On July 14th 2015, Windows Server 2003 will officially reach its end of life. This means the operating system will no longer receive security updates or assisted tech support and that future software and hardware may not be compatible with the system in coming years. As well, many companies who continue running the outdated system will probably fail to satisfy industry compliance requirements.

Why Change?

Many companies will nonetheless continue using Windows Server 2003 past its EoL. As of July 2014, the US Computer Emergency Readiness Team estimated 12 million physical servers worldwide were still running Windows Server 2003. And while this number has certainly declined in the interval, a recent TechRadar survey found that 8% of those still running the old OS plan to continue running it past the EoL.

Justifications for sticking with Windows Server 2003 range from compatibility concerns (especially between 32-bit and 64-bit systems) to migration costs to the perceived risk of compliance violation.

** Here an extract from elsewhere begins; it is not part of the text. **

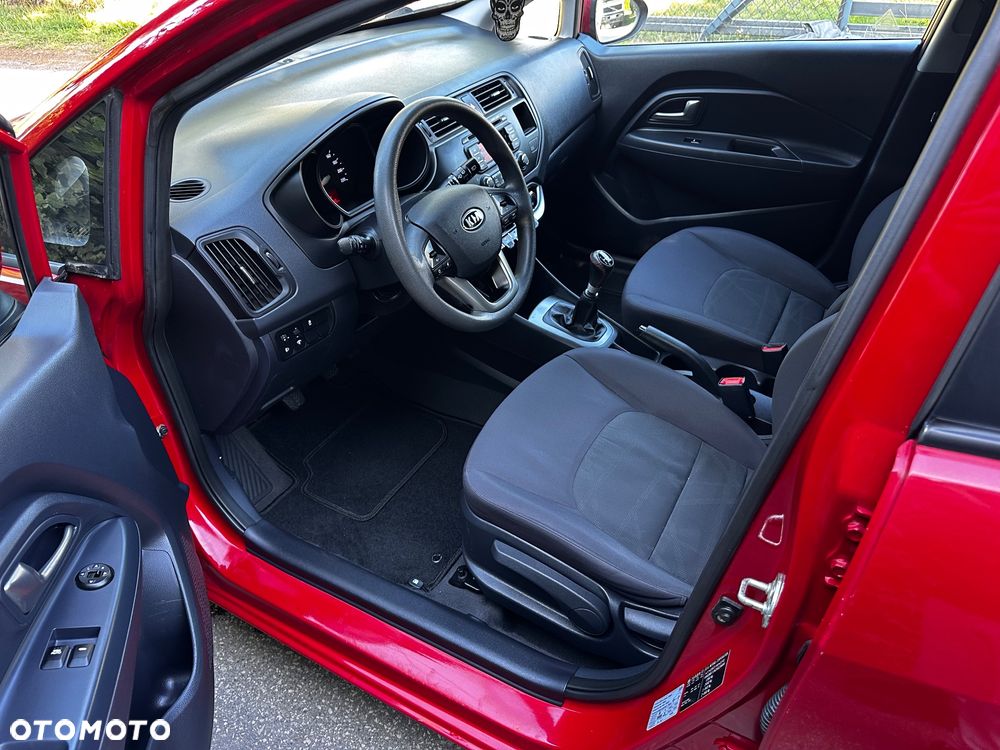 Kia Rio 1.2 Dream-Team Edition - 19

While it's true the operating system won’t stop working or suddenly become insecure when it reaches its end of life, running an outdated system inevitably exposes your organisation to considerably higher risks of cyber-attack, which will only increase over time.

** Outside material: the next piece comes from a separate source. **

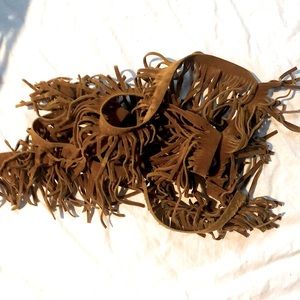 Trimtex Carolace 2” Suede Fringe - Tan, 1/2 Roll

For comparison, Microsoft issued 37 critical security updates in 2013 alone. With no security patches to ever be released again, it is only a matter of time before hackers uncover and exploit weaknesses in the unsupported system, leaving your company vulnerable.

20 Windows Server 2003 EOSThe Options

To safeguard your organisation, it is recommended that the best option is to upgrade to to newer solutions such as:

  • Microsoft Server 2008 (EOL in Jan 2020)
  • Microsoft Server 2012 R2
  • Microsoft Azure
  • Office 365

These will provide a longer term and more robust solution that will serve your business well for years to come. Microsoft’s newer systems are long-term solutions. They will not only resolve the issue of lapsed security, but also give the benefits of better performance, reduced maintenance requirements, and increased speed.

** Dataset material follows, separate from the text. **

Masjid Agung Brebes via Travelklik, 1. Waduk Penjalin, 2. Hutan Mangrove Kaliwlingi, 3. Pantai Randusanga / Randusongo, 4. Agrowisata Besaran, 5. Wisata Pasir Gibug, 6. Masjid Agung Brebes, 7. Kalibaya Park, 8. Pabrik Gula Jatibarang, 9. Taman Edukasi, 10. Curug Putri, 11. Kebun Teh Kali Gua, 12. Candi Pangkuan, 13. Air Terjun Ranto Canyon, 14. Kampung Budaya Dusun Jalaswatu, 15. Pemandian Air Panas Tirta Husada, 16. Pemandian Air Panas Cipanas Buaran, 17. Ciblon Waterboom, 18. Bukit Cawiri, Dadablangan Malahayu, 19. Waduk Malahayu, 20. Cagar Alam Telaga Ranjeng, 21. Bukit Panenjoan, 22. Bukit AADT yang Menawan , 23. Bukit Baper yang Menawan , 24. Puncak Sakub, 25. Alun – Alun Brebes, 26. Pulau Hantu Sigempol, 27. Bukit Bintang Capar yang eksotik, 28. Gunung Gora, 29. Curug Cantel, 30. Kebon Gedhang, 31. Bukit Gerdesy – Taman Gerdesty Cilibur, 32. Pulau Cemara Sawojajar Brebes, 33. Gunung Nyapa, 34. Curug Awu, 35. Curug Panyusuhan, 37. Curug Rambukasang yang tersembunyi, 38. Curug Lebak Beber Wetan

Of course, you don’t have to stay with Microsoft. Upgrading to another company’s cloud service is also a viable, and in some cases, better option.

If you haven’t already upgraded, your company is running out of time. As well, if you’re hoping to maintain continuity of security and support, don’t underestimate the time required for migration. For a data centre with 100+ servers, migrating from Windows Server 2003 may take an estimated 3-18 months.

Now What?

If you haven’t yet, it is time to set your evaluation and migration process in motion. Microsoft offers a wealth of resources on its website for companies looking to replace the out-of-date system. Their 4-step plan recommends…

  • Discovering which applications and workloads are running Windows Server 2003
  • Assessing and categorizing each application in terms of importance and complexity
  • Choosing a destination for each application in the data centre or cloud
  • Migrating, either on your own or with the help of a 3rd party provider

Should you choose a third party provider to help your company migrate to a new system, you will likely want one that covers the process from A to Z. So in addition to the migration itself, be sure to evaluate your needs for consultation, assessment, and compatibility resolution after the migration.

So as you prepare your company for the shift, have no illusions: the process is time-consuming and costly. But upgrading is a necessary evil and a cost of doing business that every company must plan for and eventually pay. On the bright side, however, as the industry increasingly shifts to cloud services, migration may be a hard pill you never again have to swallow.